Tag Archives: climate crisis

Lloyd Alter: Groundbreaking Study Highlights How Design and Development Decisions Affect Embodied Carbon


Groundbreaking study on embodied carbon comparing new build to retrofit and addition in Halifax Canada ignored by city, author told to ‘stop making things up.” Should be studied closely, big implications.” writes Lloyd Alter, well-known author at Treehugger in a review of the new report, Buildings For a Climate Crisis, by Peggy Cameron. “The lessons of a study from Halifax, Canada can be applied anywhere,”

Read Alter’s review of the study.

Download Buildings For the Climate Crisis

Image: Halifax Waterfront. Henryk Sadura/ Getty Images

Alter writes: Many booming cities are desperately short of housing and developers are responding with even taller buildings. Many urbanists believe this is a good thing, although studies have shown that life-cycle and operating emissions increase with building height. This is why I have always pitched what I called the “Goldilocks Density,” making the case that you can get significant residential densities without tall buildings—just look at Paris or Montreal.

Buildings For the Climate Crisis – A Halifax Case Study by Peggy Cameron

This new report “Buildings for the Climate Crisis – A Halifax Case Studyby Peggy Cameron, MES reveals the high levels of greenhouse gas emissions (GHGs) released up-front by high rise construction, developments, and demolitions. By comparing these to more climate-friendly in-fill buildings (carbon-neutral or carbon-positive) it offers scenarios that are better matched for what society and Earth need at this time.

For the report a Canadian interdisciplinary climate change strategy consultancy Mantle Developments, conducted preliminary estimates of global warming gases associated with:
— two Halifax based proposals;
— the associated demolition of 12-14 historic houses;
— the replacement of the demolished floor area, equivalent to a 12-storey building and,
— a 9-storey in-fill option modeled by the citizen’s group Development Options Halifax.
The report details impacts of the present developments and associated demolitions on the climate crisis and links this to the affordable housing crisis.

This report proposes options in the path forward including policy recommendations for what needs to change if we are planning for an inclusive society and for environmental remediation. With the release of this report the author aims to encourage all parties to seize this important and timely opportunity to re-think accepted practices of the building, construction, and demolition industry.

Globally, green houses gasses (GHG’s) from the materials and products used to build buildings is 11% as embodied or upfront carbon and approximately 29% as operational carbon from heating, lighting and cooling.



Download Full Report:
Buildings for the Climate Crisis

Download Executive Summary:
Buildings For the Climate Crisis
-Executive Summary

Download for Policy Makers:
Building For the Climate Crisis –
The Path Forward and Recommendation

Media Images Downloads:

RALPH SURETTE: The lowdown on high-rises: they fuel the climate crisis

(published in The Chronicle Herald, October 28, 2021)
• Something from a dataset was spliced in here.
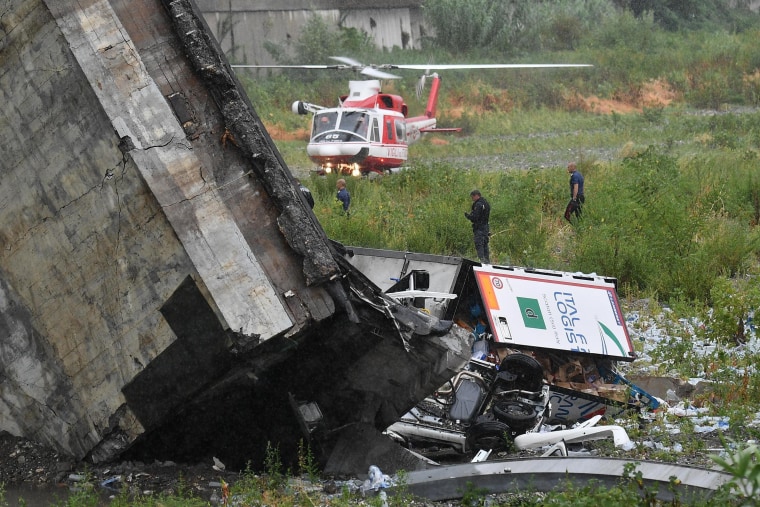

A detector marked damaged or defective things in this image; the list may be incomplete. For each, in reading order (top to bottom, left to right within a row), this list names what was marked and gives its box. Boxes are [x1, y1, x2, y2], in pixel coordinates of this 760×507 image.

(Halifax/Ki’jupuk) A global environment conference called COP26 is opening this weekend in Scotland to deal with the climate crisis that the world promised to deal with as far back as the Rio Earth Summit in 1992, but has so far failed to control.  Some progress is being made, but far from enough to prevent more climate catastrophes, and in many ways it’s getting worse.
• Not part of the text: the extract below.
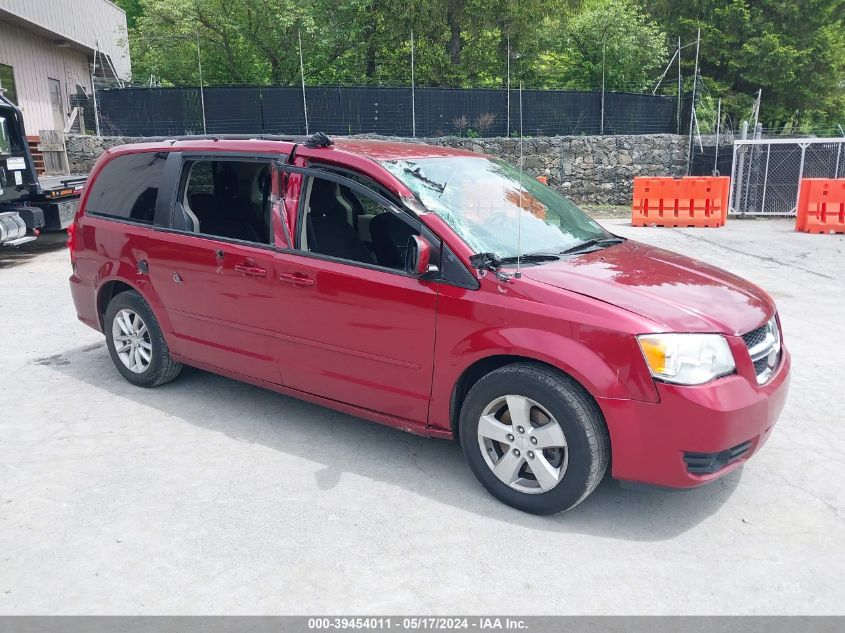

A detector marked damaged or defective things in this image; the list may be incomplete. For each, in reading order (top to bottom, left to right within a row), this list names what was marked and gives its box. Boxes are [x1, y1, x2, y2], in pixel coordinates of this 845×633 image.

cracked windshield [386, 156, 608, 260]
A construction crane dominates a neighbourhood at the foot of Quinpool Road (at the North West Arm) in Halifax in June. – Tim Krochak, Chronicle Herald

So perhaps the climate showdown we’ve avoided for so long is on for real. And in order to deal with it, every aspect of the wasteful ways we’ve built up since the 1950s have to be reamed out. Some of these, we don’t even think about, and may even be wrongly presented as the climate-friendly option.

One of these is highlighted in a report entitled Buildings for the Climate Crisis — A Halifax Case Study (at www.halifaxcommon.ca), coinciding with HRM council passing their complex “Centre Plan” this week that limits heights on the Halifax peninsula, but which opponents argue leaves developers wiggle room to jack them up to 30 storeys.

The standard presumption is that high-rises, by creating a dense population downtown, put a check on urban sprawl — which also means less commuting and suburban highways, thus better for the environment.

There’s increasing pushback on this. For one thing, according to the scientific calculations, building above eight or nine storeys is extremely carbon-intensive. So is the demolition of existing buildings to make way for these huge projects. And finally, since high-rise towers tend to have expensive rents, they also replace affordable housing, and that tends to push lower-income renters farther out, defeating the purpose.

Overall, buildings account for some 40 per cent of greenhouse gas emissions globally. Concern over this has focused on their operations — mainly heating and cooling — but has ignored the construction/demolition cycle, although it accounts for as much as 11 per cent of global emissions.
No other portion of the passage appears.